Everything from the line with "Bowl of cake mix and eggs." down to the line with "Une pièce comprenant" below must be printed exactly, those two lines included. Exclude pictures.

EXTRACTED RECORDS
▼▼▼

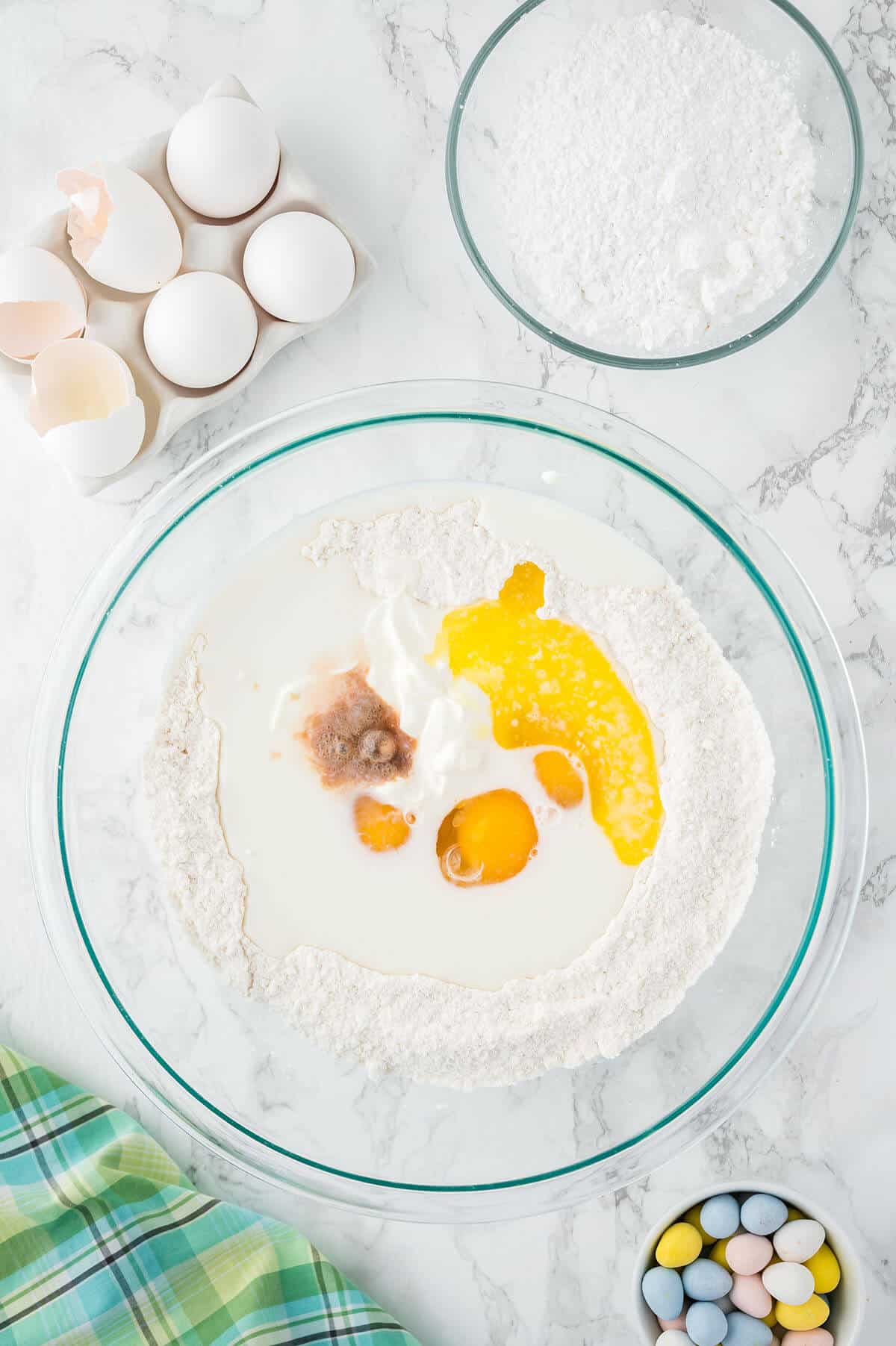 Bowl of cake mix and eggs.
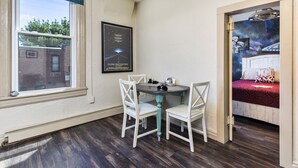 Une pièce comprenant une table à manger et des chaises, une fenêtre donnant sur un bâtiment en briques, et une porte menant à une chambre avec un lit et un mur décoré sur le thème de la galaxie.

▲▲▲
▼▼▼

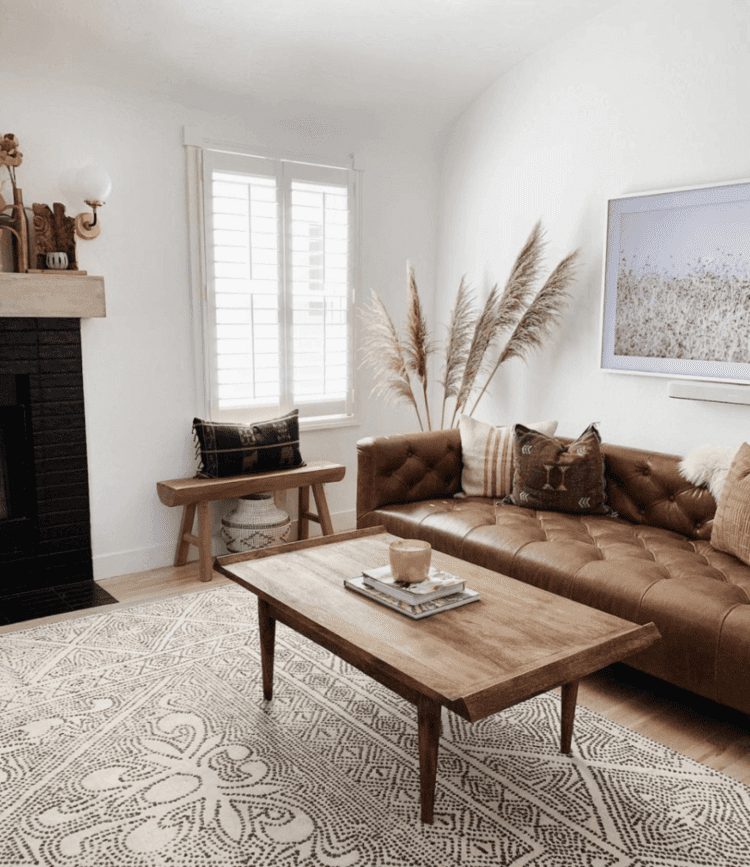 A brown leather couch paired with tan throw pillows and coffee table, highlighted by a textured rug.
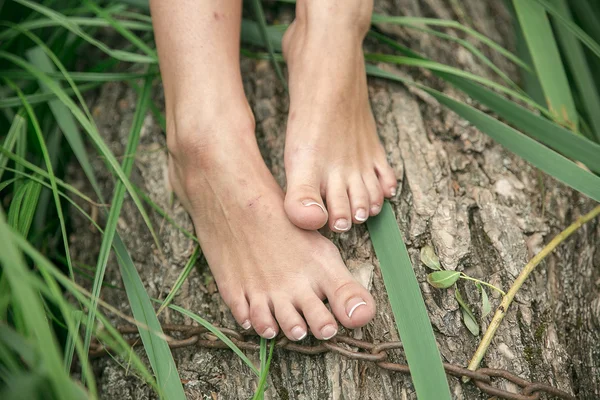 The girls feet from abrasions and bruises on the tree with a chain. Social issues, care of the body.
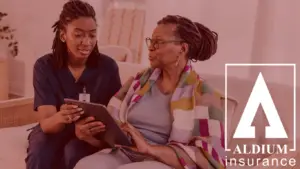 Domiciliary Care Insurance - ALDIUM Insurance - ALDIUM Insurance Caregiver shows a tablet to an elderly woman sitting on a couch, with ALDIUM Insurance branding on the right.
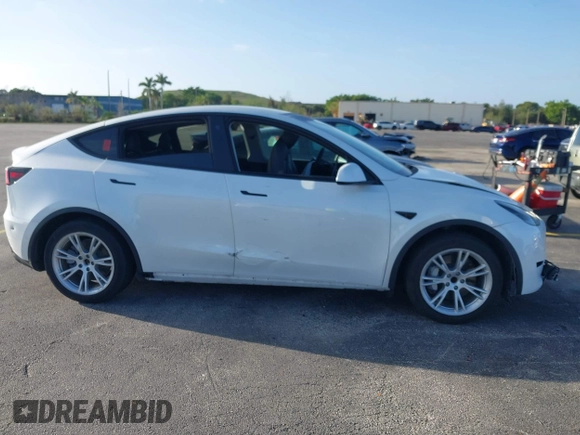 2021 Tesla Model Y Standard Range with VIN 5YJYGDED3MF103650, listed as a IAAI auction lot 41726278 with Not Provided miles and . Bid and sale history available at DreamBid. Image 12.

▲▲▲
▼▼▼

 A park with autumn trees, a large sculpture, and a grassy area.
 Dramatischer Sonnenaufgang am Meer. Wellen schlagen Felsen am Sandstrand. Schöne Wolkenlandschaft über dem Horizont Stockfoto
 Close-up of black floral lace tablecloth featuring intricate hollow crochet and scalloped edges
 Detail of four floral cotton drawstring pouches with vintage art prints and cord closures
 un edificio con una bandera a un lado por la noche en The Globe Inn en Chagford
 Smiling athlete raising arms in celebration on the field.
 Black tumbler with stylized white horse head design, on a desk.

▲▲▲

ANSWER SECTION
 Bowl of cake mix and eggs.
 Une pièce comprenant une table à manger et des chaises, une fenêtre donnant sur un bâtiment en briques, et une porte menant à une chambre avec un lit et un mur décoré sur le thème de la galaxie.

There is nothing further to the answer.